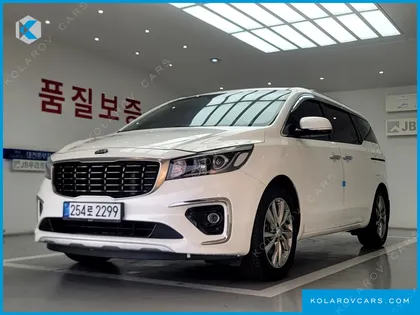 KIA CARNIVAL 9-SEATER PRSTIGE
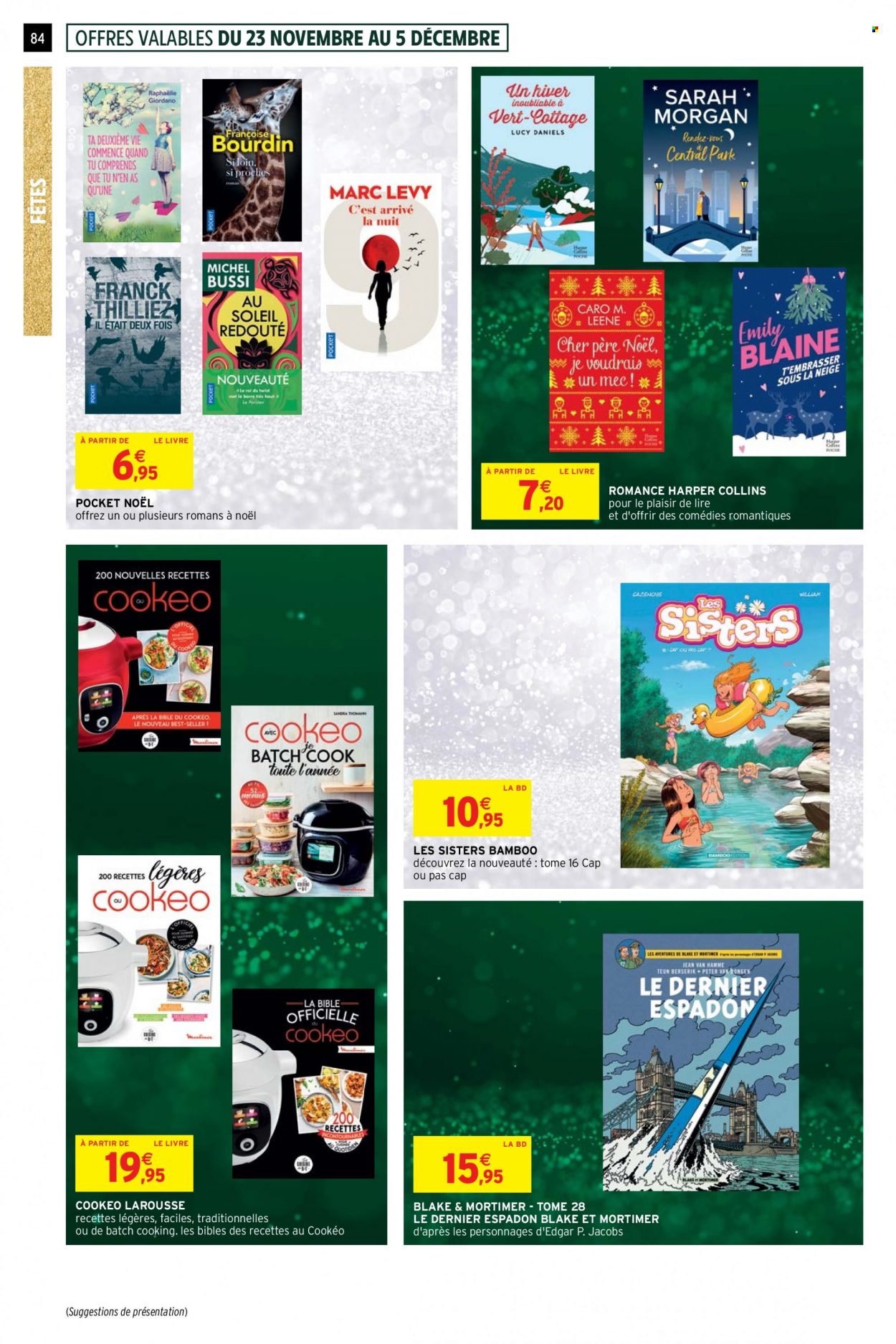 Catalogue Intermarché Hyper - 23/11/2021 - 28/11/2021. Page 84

┄┄┄┄┄┄┄┄┄┄

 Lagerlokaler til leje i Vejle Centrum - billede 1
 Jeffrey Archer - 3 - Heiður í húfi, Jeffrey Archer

┄┄┄┄┄┄┄┄┄┄

**Problem statement**
In the data above, find the line containing "KIA CARNIVAL 9-SEATER PRSTIGE" and the line containing "Catalogue Intermarché Hyper". Copy exactly the stretch from the first through the second, both included, leaving out any picture.

**Task response**
 KIA CARNIVAL 9-SEATER PRSTIGE
 Catalogue Intermarché Hyper - 23/11/2021 - 28/11/2021. Page 84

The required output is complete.